This is what I mean by the "breakdown" of Protestantism. At the Reformation Protestants believed (with some reason) that they were accomplishing a much-needed reform of the Church that would lead to the collapse of the Papal "Antichrist" and the restoration of true Christianity in its purity. This clearly is not what happened and not what is going to happen. Again, in the 18th and early 19th centuries evangelical, revivalistic Protestants believed that through revivals and missions true Christianity was going to spread around the world, once again bringing about the collapse of false religion and ushering in the reign of Christ on earth. This too has not happened.

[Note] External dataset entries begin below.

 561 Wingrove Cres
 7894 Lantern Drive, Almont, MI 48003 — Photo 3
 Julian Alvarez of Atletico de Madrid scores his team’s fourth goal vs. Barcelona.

Then, in the 20th century mainline Protestants (I'm thinking of solid, orthodox theologians like Lesslie Newbigin) believed that through ecumenism and mutual understanding Christians could get beyond their historic differences and discover the historic core that underlay their particular expressions, recognizing in each other the gifts missing in their own traditions. This too seems a failure now.

Of course Christ can bring success out of failure--it's his job description. But I see no reason to believe that any of these projects are rooted in any promise of Christ. I can see why Protestants during the heyday of each of the movements I mentioned (the Reformation, revivalism, ecumenism) saw a rationale and a purpose for Protestantism. But I can't. The earlier forms of Protestantism that saw Catholicism as an enemy were (I believe) clearly wrong, and the more ecumenical approach is incompatible with the dogmatic claims of Catholicism, and seems in practice to be fatal to orthodoxy even within a Protestant framework.

I could make a case on the other side. But this is the pro-breakdown case as I see it. I'm happy to elaborate on it further as needed.

11 comments:

Anonymous said...

WOW,

You truly are past my level of intellect on the subject. Thank you for your insight, it gives me many things to study in the Bible. I will always be thankful for the two Baptists who came to my door when I was 15 and told me about Jesus Christ.

Thanks again Contarini,

John Student

sam said...

Contarini,

I really appreciate your insights here. For a while people have asked me what I am looking for in churches, and often I say that I want a church to see itself as Church. But here you've better articulated what I mean by that. You've scratched some sort of abstract itch that I haven't been able to reach for a while. So thanks.

snk

CPA said...

As a "wacky and idiosyncratic" Lutheran (actually that sounds kind of attractive in a postmodern way), I think you are a bit distorting our position (wacky and idiosyncratic no doubt) on ecumenism.

Lutheranism sees the fundamental nature of the Gospel as a promise. The Bible is basically a promise, the liturgy is a promise, the sacraments are a promise, the sermon is a promise. (The promise makes sense only with a preceding warning, but leave that aside). The promise is all the same: all your sins are forgiven for Jesus's sake. Wherever the promise is made by a person (whether in liturgy, in sacraments, preaching, whatever) and is believed, there is the church.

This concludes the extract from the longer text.